Since this is far more important to us than XDG_* dirs, we disable
pam_systemd on our systems. That seems to be the official SchedMD
recommendation too (see https://bugs.schedmd.com/show_bug.cgi?id=3674
and https://bugs.schedmd.com/show_bug.cgi?id=3158).

Cheers,
-- 
Kilian


[slurm-dev] Re: Per-job tmp directories and namespaces

2017-08-10 Thread Kilian Cavalotti

Hi Bill,

On Thu, Aug 10, 2017 at 5:33 AM, Bill Barth  wrote:
> If you add the same line from /etc/pam.d/system-auth (or your OS’s 
> equivalent) to /etc/pam.d/slurm, then srun- and sbatch-initiated shells and 
> processes will also have the directory properly set up.

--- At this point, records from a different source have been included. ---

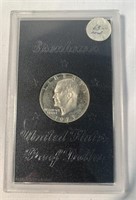 1973 S Eisenhower Proof Dollar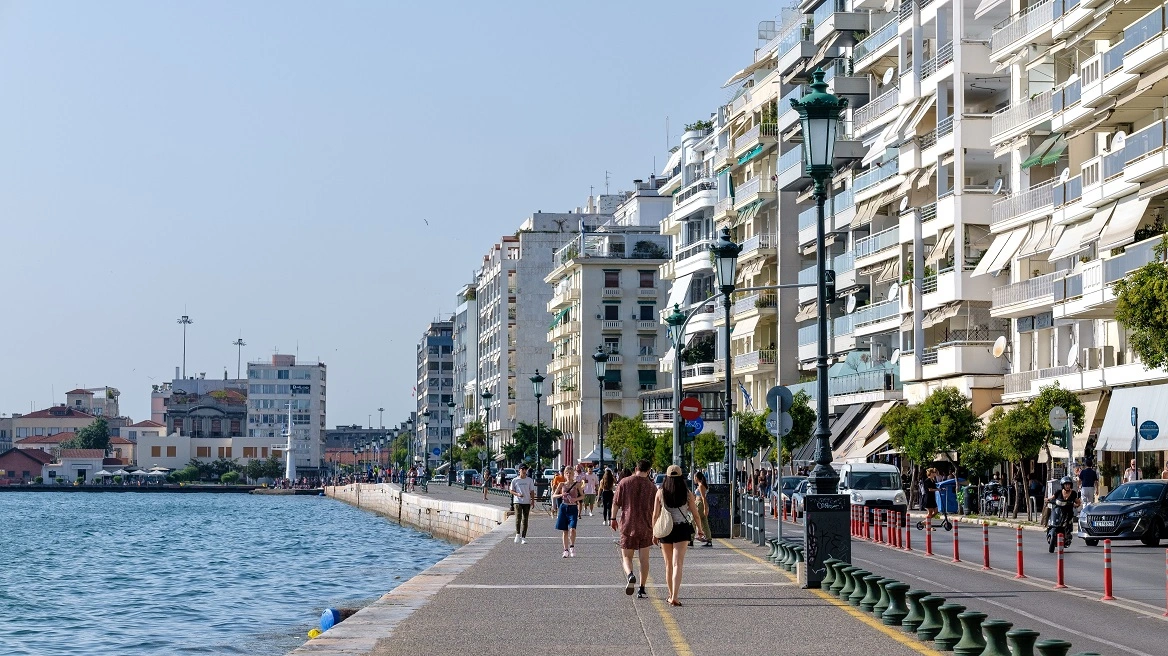 Θεσσαλονίκη: Απότομη αύξηση του ιικού φορτίου του κορωνοϊού δείχνουν οι μετρήσεις στα λύματα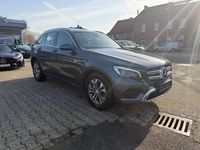 Gebraucht Mercedes GLC220 170 PS (125 kW) 2016 Grau SUV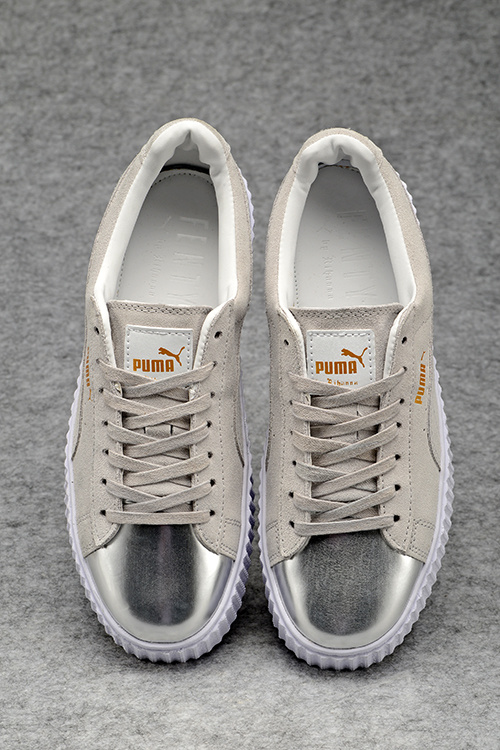 Puma x Rihanna WMNS Creeper Men Shoes-023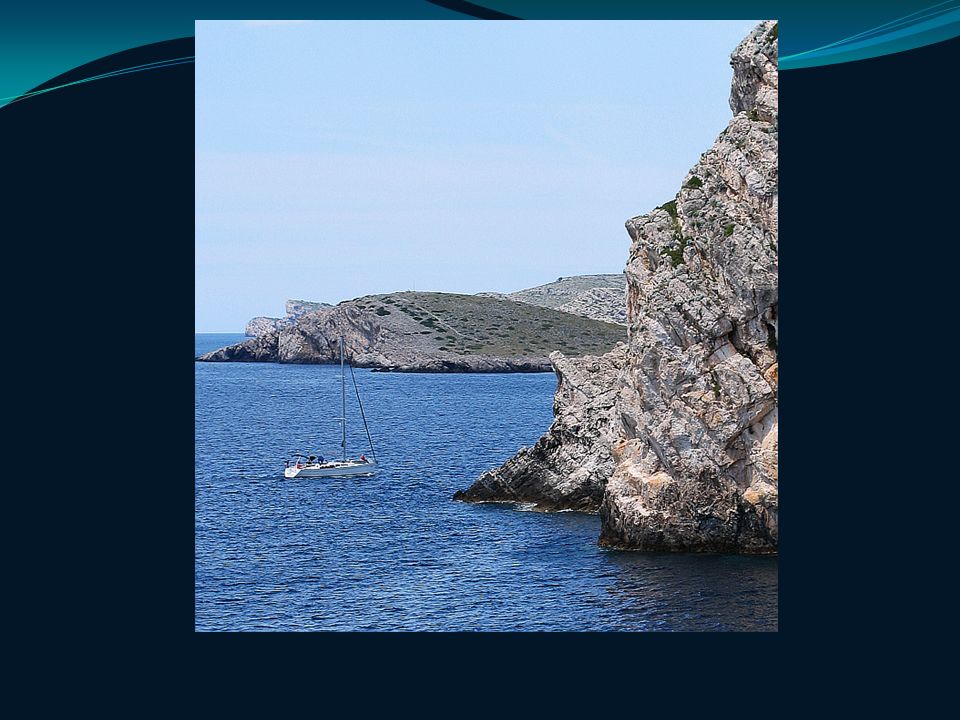 The Kornati archipelago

That indeed seems like good advice to make sure XDG_RUNTIME_DIR is
coherently defined in users' environment wherever they're running, but
last time I checked, pam_systemd wasn't playing nice with Slurm's
cgroups feature (and that's an euphemism). Because systemd manages its
own cgroups hierarchy for user sessions, that resulted in all sorts of
issues when Slurm was trying to set up its own cgroup structures for
tracking jobs' resources and enforcing limits. Which prompted us to
actually *remove* pam_systemd from our compute node configurations.

Do you use cgroups in your Slurm setup with pam_systemd on nodes? And
if so, did you notice any issue with cgroups?

Cheers,
-- 
Kilian


[slurm-dev] Re: Per-job tmp directories and namespaces

2017-08-10 Thread Bill Barth
Fortunately, once we figured out what systemd was doing, we didn’t need to 
interact with it besides adding its PAM module configuration line to slurm’s 
PAM config file.

Best,
Bill.

-- 
Bill Barth, Ph.D., Director, HPC
bba...@tacc.utexas.edu|   Phone: (512) 232-7069
Office: ROC 1.435|   Fax:   (512) 475-9445
 
 

On 8/10/17, 8:34 AM, "John Hearns"  wrote:

Bill, thankyou very much for that.  I guess I have to get my systemd hat on.
A hat which is very large and composed of many parts, and indeed functions 
as a pair of pants too.






On 10 August 2017 at 14:33, Bill Barth  wrote:

If you use a modern enough OS (RHEL/CentOS 7, etc), XDG_RUNTIME_DIR will 
probably be set and mounted (it’s a tmpfs with a limited max size mounted, 
per-session, under /run/user/) on your login nodes, any node that 
environment propagates to (like the first
 compute node of a job), and anywhere that the user (or MPI stack) sshes to 
due to the PAM integration of pam_systemd.so in the auth process. Just having 
the environment variable set is not quite enough, though, you also need it 
mounted and unmounted at the
 end of each shell session. If you add the same line from 
/etc/pam.d/system-auth (or your OS’s equivalent) to /etc/pam.d/slurm, then 
srun- and sbatch-initiated shells and processes will also have the directory 
properly set up. MPI jobs that use ssh will get
 the mount automatically due to the ssh PAM integration with systemd, but 
those that use PMI-* and srun need the additional PAM integration.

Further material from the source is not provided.